FORCE SEEKS RETURN TO SPOTLIGHT AT 19TH FRAM/AUTOLITE NATIONALS 13-Time Champ Back Bids for Eighth Win at Infineon Raceway SONOMA, Calif. -- John Force is getting a lot more camera time these days but, unfortunately, it's all on the wrong...
FORCE SEEKS RETURN TO SPOTLIGHT AT 19TH FRAM/AUTOLITE NATIONALS
13-Time Champ Back Bids for Eighth Win at Infineon Raceway
SONOMA, Calif. -- John Force is getting a lot more camera time these days but, unfortunately, it's all on the wrong network.
While he is impacting a whole new audience as one of the stars of the real-life series Driving Force, which airs Monday nights on A&E Network, his face time on ESPN's coverage of the NHRA POWERade Drag Racing Series has been minimal after early exits at each of the first two races in the grueling Western Swing.
Nevertheless, Force is hoping to muscle his Castrol® GTX® Ford Mustang back into the EPSN spotlight this week when he brings his latest NHRA championship quest to Infineon Raceway for the19th FRAM/Autolite Nationals, a race in which he has won six times previously, most recently in 2002.
Beaten in the second round two weeks ago at Denver, Colo., and in the first round of last week's Schuck's Auto Parts Nationals at Seattle, Wash., both times by reigning series champion Gary Scelzi, Force has fallen 88 points behind Ron Capps in the driver standings.
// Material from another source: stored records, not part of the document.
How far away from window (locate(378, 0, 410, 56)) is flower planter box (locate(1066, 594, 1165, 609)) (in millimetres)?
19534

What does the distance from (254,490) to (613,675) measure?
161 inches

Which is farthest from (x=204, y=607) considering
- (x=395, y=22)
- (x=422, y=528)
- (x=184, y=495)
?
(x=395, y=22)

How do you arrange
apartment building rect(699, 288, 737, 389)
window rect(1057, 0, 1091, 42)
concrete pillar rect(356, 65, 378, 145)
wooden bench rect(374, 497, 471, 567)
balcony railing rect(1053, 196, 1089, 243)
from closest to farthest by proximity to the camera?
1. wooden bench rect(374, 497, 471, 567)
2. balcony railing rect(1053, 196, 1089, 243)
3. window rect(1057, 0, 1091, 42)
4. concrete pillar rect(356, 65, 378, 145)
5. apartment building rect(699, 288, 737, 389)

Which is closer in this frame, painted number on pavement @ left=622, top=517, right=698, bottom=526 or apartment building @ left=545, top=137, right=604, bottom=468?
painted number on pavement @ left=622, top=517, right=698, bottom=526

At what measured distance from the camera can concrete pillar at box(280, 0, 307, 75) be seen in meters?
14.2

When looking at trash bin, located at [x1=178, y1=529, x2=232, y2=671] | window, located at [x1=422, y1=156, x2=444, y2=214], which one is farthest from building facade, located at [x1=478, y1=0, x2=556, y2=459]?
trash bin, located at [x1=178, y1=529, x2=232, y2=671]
In fact, this week's race could be a make-it-or-break-it situation for the 57-year-old drag racing icon who, after years of dominating the Western Swing, has found it more and more difficult not only to win races, but to win rounds.
After sweeping the Denver, Seattle and Sonoma races in 1994, one of only five pro drivers to have accomplished that feat, and after just missing a similar sweep in 1996, Force didn't win a single round in the three-race set a year ago. He hasn't done much better through the first two races this year.
His recent malaise in the Westernmost races contrasts with the success enjoyed by his principal rivals for the $400,000 championship -- Dodge drivers Scelzi and Capps. Capps was runner-up last week at Seattle; Scelzi won the previous week at Denver and the two raced one another for the 2005 FRAM Nationals title.
That said, Force is a long way away from conceding a championship that has been his after 13 of the last 16 seasons.
"We've got fast cars but they're just not as consistent as they need to be," Force said, referring not just to his Ford but to the Mustangs of teammates Eric Medlen and Robert Hight, who currently are third and fifth in Funny Car points.
Indeed, the Fords have started 11 of the season's 14 races from the No. 1 qualifying position but No. 1 has yet to win a single race. Force's five No. 1s have yielded a single runner-up finish (at Gainesville, Fla.). His only win -- at Joliet, Ill. -- came from the No. 7 starting position.
Despite all that, Force bristles at any suggestion that he's lost his competitive fire.
"Bottom line, my job is to win races and I take that job very seriously," he said. "Castrol and Ford and Mac Tools and the Auto Club pay us to win and right now, we're not winning. But it's not because we're not trying and it's not because of the TV show.
"The competition is just better than it used to be. Instead of whining to the NHRA about domination, (car owner Don) Schumacher went out and got the people and got the technology and got the budget to challenge us. We made him better and now he's made everyone else step up including us.
"Competing is what it's all about. To be the best you've got to beat the best. Scelzi beat us last year. We're just trying to return the favor."
A tour winner for 20 straight seasons, Force is the NHRA national record holder for quarter mile time (4.665 seconds) and speed 333.58 mph. A measure of his dominance is the fact that he has won 85 more tour races than any other Funny Car driver and he sees not reason why he can't win for another five years, which his how much longer he is under contract to drive the Castrol GTX Ford.